But there is another quarrel involved in which the young gentleman
of culture comes into violent collision with the young lady of
the cauliflowers. The first essential of the merely bookish view
of the sea is that it is boundless, and gives a sentiment of infinity.
Now it is quite certain, I think, that the cauliflower simile
was partly created by exactly the opposite impression, the
impression of boundary and of barrier. The girl thought of
it as a field of vegetables, even as a yard of vegetables.
The girl was right. The ocean only suggests infinity when you
cannot see it; a sea mist may seem endless, but not a sea.
So far from being vague and vanishing, the sea is the one
hard straight line in Nature. It is the one plain limit;
the only thing that God has made that really looks like a wall.
Compared to the sea, not only sun and cloud are chaotic and doubtful,
but solid mountains and standing forests may be said to melt
and fade and flee in the presence of that lonely iron line.

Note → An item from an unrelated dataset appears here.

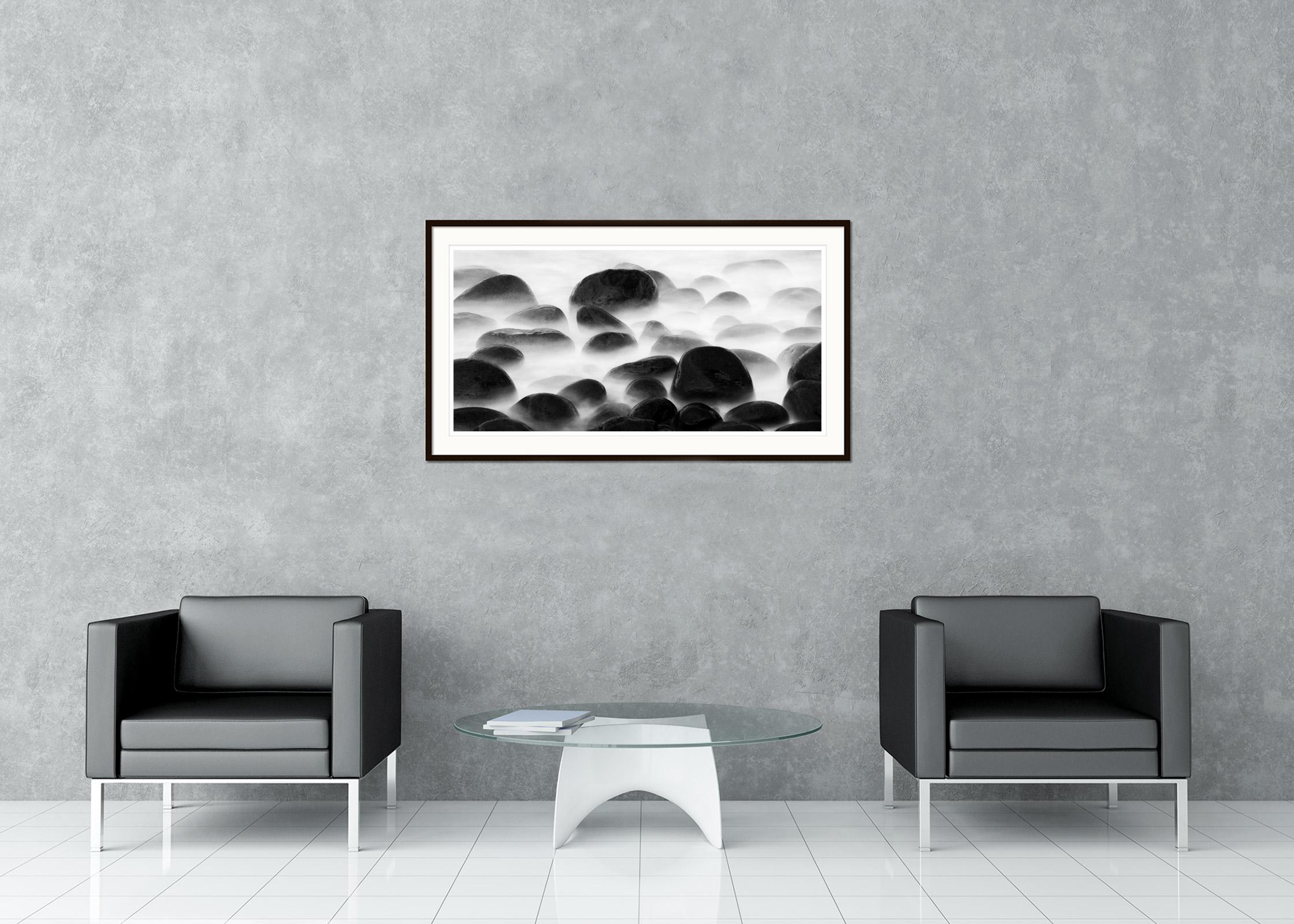 Black and white fine art long exposure waterscape - landscape photography. Big black stones on the shore in madeira, Portugal. Archival pigment ink print as part of a limited edition of 5. All Gerald Berghammer prints are made to order in limited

The old naval phrase, that the seas are England's bulwarks,
is not a frigid and artificial metaphor; it came into the head
of some genuine sea-dog, when he was genuinely looking at
the sea. For the edge of the sea is like the edge of a sword;
it is sharp, military, and decisive; it really looks like a bolt
or bar, and not like a mere expansion. It hangs in heaven, grey,
or green, or blue, changing in colour, but changeless in form,
behind all the slippery contours of the land and all the savage
softness of the forests, like the scales of God held even.